On Saturday I slept in (as usual), then set out for the library in the afternoon. It's kind of embarrassing to admit I'd been in Taiwan for more than a year without checking out the Taipei public library system, especially since the main library was in my district. But I'm pleased to say that I only messed up the Google Maps directions a little bit, and managed to find the library without having to stop and ask for help. And now I'm the proud owner of a library card! :D I had fun browsing the shelves of English literature, though I'd arrived too late to check out many of the YA books I'd wanted since the children's section closes earlier than the rest of the library. Ah well, next time. (Also, it turns out you're only allowed to check out five books at a time! It was kind of shocking. I guess I'm spoiled by the 50-book limit at my public library in SoCal.)

After that I went to Macho Tacos (recommended by the awesome Hungry Girl's Guide to Taipei) for a carne asada burrito. Library books and Mexican food in Taipei? Bliss. It's been months since I'd had either, so I was highly anticipating a lovely evening with my burrito and books. I bought some drinks and snacks at 7-Eleven on my way home, walked up to the door of my apartment building, reached in for my keys... and came up empty.

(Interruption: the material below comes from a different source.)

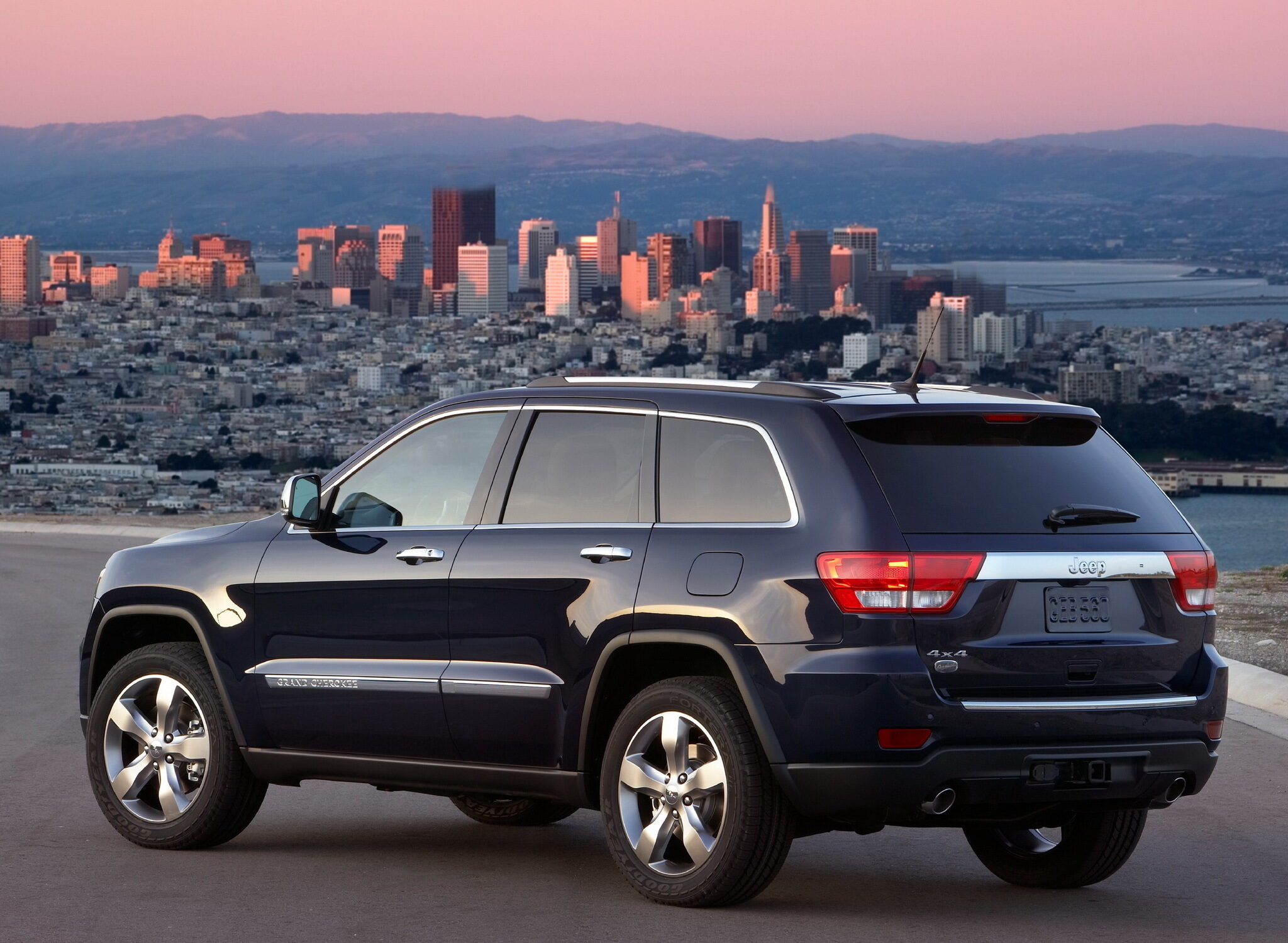 2010 Deep Blue Grand Cherokee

It was the worst time possible to forget my keys. Usually it wouldn't be a problem since Grandpa would be home, and I could just call him and sheepishly ask him to open the door for me. But he was gone on a business trip... and I realized I didn't have my cell phone anyway. A veritable disaster. I tried to stay calm while I checked my bag several times, vainly hoping my keys or phone would magically appear. I mentally kicked myself for forgetting such important objects — how could you be so stupid, Linda? — then resigned myself to the situation and began considering my options.

There was no way I could get in to the apartment unless I called a locksmith, and I had no idea where I could find one. Grandpa would be home by tomorrow evening at the latest, so things would've been okish as long as I met up with him for dinner, but in the meantime I needed to find somewhere to spend the night. And I couldn't call anyone since I had no phone.

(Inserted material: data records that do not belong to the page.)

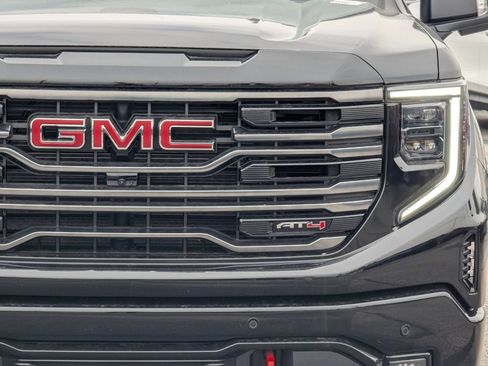 New 2026 GMC Sierra 1500 AT4 w/ AT4 Premium Package AWD/4WD image 12
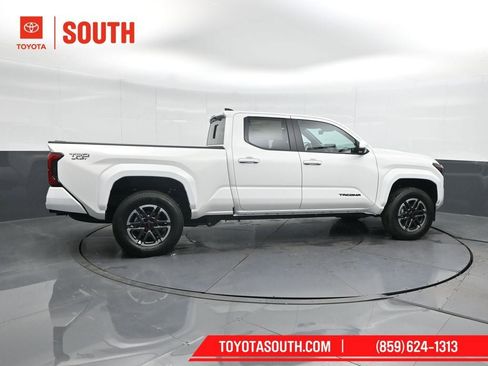 New 2026 Toyota Tacoma TRD Sport w/ TRD Sport Premium Package image 3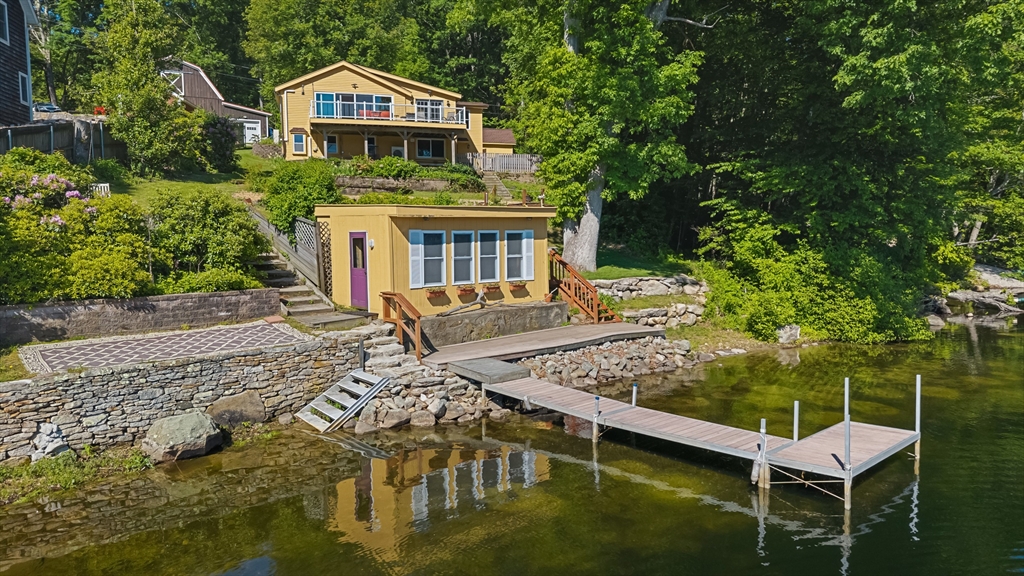21 Carrier Lane, Sutton, Massachusetts, 3 Bedrooms Bedrooms, 7 Rooms Rooms,2 BathroomsBathrooms,Residential,For Sale,Carrier Lane,73530545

I'd accidentally locked my grandpa out once, and he told me he'd spent the night on a park bench (I was horrified and apologized profusely). I didn't think I could do that myself. A motel, maybe? There were a lot around where I lived, but I didn't really want to spend that much money. Or how about camping out at one of those 24-hour fast food places or tea shops? At least I wouldn't be bored, thanks to my library books.

At any rate, I refused to let myself panic. Things will work out, I told myself. The worst-case scenario isn't all that bad; you do have options, you just need to approach the situation rationally and calmly.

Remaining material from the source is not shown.